DD is 21 months old, with a personality is on the 'soft' side of gentle - quick to cry at knocks, be anxious at new things etc. One of my closest friend (geographically and emotionally) has a DS the same age. We get on really well and provide a lot of co-support.
Problem is that friend's DS is on the rambunctious side of boyishness - a lovely, affectionate boy but this is usually expressed in running at people, hugging really strongly or banging things, and he's big and strong for his age.
At the moment, within minutes of being in the same room DD will have been knocked over, start wailing and crying and then refuse to let the little boy near her for the rest of their time together - she acts visibly scared of him - this is from very light knocks btw, I'm not an uncaring mother! He then gets very frustrated and is likely to be MORE rambunctious. Friend and I are reduced to not letting her son physically near my daughter to preserve the peace and allow us to hang out together which is limiting how much we can see ach other.

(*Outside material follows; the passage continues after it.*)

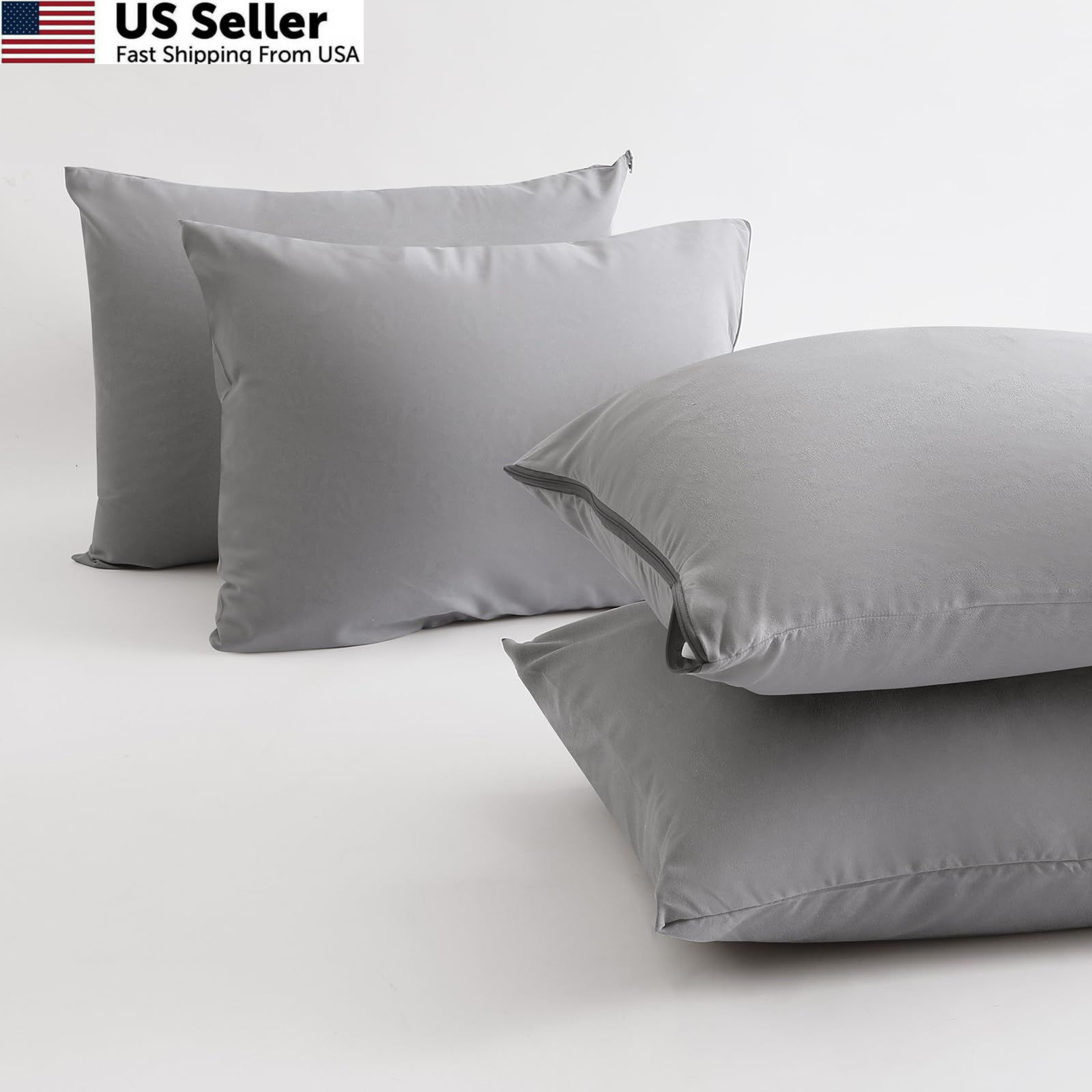 BEITE 4 Pack Pillow Case Protectors Queen-LightGray 20*30(4PCS), Lightgray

DD just doesn't seem to have any strategies for coping with more physical children. I comfort her and try to calm her, but am trying to minimise my reactions because I wonder if it's making it worse. Friend is trying really hard to get DS to be more gentle with everyone. I think one or both of them will grow out of this eventually but is there anything else I can do???
I hate this little boy knowing that he scares DD, he is aware but finds it so hard to be gentle at this age - if only DD was a bit more stoic I don't think there would be such a problem. Any ideas???